The plaintiff/appellant had by an originating summons commenced her action against the defendant in the court below in the following terms:
“1. Whether the defendants are not bound by the rules and regulations, particularly “criterion for 1994/1995 promotions of teaching staff in Abia State of 22/11/95″ existing and in force in Abia State before the promulgation of Decree No. 36 of 1996 which carved out Ebonyi State from Abia State.
- Whether the 1st defendant in calculating and assessing the plaintiff’s benefit is at liberty to ignore the guidelines and criteria for promotion in force at Abia State at the time the plaintiff got her promotion as headmaster principal class on grade level 12.
- Alternatively, whether in law, the defendants could, at the retirement of the plaintiff unilaterally alter those guidelines and regulations to the detriment of the plaintiff so as to invalidate her promotion in 1995, based on those guidelines and regulations which were in force in Abia State at the time she was promoted headmaster principal class on grade level 12.
- If the answer to (1) and (2) are in the negative, a declaration that the plaintiff” is entitled to have her retirement benefits calculated based on grade level 12(9) earned by her at the time of her retirement on the 31st day or December, 2000 having fully satisfied the criteria for promotion to that grade under the guidelines and criteria in Abia State on the 1st day of October, 1996.
However, before the suit could be heard, the 1st and 2nd defendants/respondents raised a preliminary objection on the ground that plaintiff’s action was statute-barred by virtue of section 2 of the Public Officers Protection Act, Cap. 379, Laws of the Federal Republic of Nigeria and that the Court lacked the jurisdiction to entertain the suit. The learned trial Judge upheld the preliminary objection of the 1st and 2nd defendants and struck out the suit.
The plaintiff now appellant in this Court appealed against the decision. In the appellant’s brief filed by her counsel, the following three issues were formulated for the determination of this appeal.
“(a) Whether the trial court was right in striking out the suit at the time it did, on the ground that the suit was statute barred, when the defendants had not filed a counter affidavit to the plaintiff’s affidavit.
(b) Whether having held that “the main point for determination in this argument is whether a preliminary point of law can be raised at this point in time by the learned counsel for the defendants when he has not filed counter-affidavit, the learned trial Judge was in order to have gone ahead to strike out the plaintiff’s action without hearing further argument as to whether the plaintiff’s claims, are in the circumstance of this suit statute-barred.

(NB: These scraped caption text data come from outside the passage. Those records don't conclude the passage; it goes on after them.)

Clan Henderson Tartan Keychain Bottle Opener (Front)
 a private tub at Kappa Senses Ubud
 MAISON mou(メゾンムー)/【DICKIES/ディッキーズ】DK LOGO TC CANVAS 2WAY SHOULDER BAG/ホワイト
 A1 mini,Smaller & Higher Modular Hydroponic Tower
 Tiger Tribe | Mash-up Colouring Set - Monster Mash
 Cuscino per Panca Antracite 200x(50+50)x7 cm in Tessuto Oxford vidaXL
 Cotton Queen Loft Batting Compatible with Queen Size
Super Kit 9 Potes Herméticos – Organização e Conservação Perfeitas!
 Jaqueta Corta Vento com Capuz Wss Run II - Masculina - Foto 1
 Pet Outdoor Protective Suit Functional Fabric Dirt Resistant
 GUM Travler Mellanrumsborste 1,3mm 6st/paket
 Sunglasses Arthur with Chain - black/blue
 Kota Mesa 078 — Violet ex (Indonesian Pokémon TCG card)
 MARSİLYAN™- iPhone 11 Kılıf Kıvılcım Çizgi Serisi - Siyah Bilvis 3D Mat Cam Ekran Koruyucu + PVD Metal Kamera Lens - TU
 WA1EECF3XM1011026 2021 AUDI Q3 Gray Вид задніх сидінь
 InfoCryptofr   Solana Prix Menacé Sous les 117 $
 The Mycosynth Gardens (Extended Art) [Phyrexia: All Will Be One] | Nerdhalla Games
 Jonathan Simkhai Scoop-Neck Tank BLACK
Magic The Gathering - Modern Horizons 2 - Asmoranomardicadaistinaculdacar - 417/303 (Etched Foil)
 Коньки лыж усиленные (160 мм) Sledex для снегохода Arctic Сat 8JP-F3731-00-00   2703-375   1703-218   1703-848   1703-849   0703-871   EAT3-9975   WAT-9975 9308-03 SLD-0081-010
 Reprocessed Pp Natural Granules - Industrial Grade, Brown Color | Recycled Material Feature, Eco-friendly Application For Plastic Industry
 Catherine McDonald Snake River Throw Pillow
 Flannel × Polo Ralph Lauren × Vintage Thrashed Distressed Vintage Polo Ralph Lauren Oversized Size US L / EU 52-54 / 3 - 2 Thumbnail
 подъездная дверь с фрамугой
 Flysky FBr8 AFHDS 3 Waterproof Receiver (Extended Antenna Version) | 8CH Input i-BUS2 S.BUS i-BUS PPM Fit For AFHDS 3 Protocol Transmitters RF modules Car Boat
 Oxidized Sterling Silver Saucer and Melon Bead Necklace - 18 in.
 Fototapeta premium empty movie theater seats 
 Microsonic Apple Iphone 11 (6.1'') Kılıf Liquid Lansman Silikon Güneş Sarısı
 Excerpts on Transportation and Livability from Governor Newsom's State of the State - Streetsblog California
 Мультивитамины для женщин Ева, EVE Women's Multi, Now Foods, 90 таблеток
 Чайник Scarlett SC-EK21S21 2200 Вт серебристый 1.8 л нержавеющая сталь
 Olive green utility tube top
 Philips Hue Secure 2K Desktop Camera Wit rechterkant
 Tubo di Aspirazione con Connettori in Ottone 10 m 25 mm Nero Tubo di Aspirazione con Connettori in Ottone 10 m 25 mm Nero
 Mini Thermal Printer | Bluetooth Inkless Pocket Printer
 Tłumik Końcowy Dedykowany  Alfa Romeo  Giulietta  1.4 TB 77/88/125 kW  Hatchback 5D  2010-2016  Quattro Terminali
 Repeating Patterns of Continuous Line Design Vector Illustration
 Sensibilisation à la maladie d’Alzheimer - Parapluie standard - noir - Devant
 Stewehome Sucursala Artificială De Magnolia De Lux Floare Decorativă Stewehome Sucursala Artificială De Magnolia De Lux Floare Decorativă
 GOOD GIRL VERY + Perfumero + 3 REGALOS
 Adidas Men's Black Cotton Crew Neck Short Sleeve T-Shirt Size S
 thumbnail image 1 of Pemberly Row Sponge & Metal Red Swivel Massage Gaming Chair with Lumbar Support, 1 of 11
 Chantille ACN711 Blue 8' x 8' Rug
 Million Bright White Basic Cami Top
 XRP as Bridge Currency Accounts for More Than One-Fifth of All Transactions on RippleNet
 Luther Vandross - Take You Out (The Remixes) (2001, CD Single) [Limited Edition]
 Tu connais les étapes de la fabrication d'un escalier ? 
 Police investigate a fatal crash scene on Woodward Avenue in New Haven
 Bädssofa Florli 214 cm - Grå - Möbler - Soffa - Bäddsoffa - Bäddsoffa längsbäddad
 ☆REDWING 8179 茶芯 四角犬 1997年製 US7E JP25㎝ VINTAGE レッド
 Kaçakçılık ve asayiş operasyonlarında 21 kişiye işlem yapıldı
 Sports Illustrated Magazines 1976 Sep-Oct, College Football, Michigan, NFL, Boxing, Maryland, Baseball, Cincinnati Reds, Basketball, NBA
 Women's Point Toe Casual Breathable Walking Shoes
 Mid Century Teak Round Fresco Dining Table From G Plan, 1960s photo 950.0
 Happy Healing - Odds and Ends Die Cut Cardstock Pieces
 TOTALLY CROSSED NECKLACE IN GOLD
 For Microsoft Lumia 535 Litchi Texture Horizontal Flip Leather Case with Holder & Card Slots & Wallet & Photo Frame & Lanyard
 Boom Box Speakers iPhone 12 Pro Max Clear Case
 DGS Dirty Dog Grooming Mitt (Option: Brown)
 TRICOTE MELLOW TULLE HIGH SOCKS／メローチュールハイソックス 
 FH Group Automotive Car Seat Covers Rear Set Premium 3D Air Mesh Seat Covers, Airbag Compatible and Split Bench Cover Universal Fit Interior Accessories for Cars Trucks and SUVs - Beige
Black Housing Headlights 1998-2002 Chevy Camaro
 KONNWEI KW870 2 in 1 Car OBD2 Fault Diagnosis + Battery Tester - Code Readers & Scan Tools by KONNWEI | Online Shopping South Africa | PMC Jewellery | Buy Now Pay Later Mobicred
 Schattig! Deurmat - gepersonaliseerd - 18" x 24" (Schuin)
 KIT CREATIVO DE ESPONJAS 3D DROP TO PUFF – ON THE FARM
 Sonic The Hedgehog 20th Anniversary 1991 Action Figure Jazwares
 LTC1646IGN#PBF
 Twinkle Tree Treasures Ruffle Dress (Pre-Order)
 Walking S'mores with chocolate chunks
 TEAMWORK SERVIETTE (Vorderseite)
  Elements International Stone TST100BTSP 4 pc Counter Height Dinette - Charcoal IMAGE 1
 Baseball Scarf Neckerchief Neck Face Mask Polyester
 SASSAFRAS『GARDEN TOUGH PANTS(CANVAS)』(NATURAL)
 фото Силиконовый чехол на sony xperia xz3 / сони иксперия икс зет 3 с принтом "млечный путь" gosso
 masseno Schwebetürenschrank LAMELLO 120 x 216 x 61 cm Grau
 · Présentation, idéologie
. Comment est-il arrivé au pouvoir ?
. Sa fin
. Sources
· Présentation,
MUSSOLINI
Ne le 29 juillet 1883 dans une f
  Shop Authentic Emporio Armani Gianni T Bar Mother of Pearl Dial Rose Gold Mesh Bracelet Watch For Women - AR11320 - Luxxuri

(c) Whether this suit was indeed statute-barred as claimed by the defendants and as held by the lower Court.”
The 1st and 2nd respondents raised two issues – (a) and (b) which are similar in all material particulars with appellant’s issues (a) and (c). The 3rd respondent adopted the issues raised by the 1st and 2nd respondents and argued in similar vein. I shall therefore consider this appeal with the issues (a) and (c) for determination raised by the appellant.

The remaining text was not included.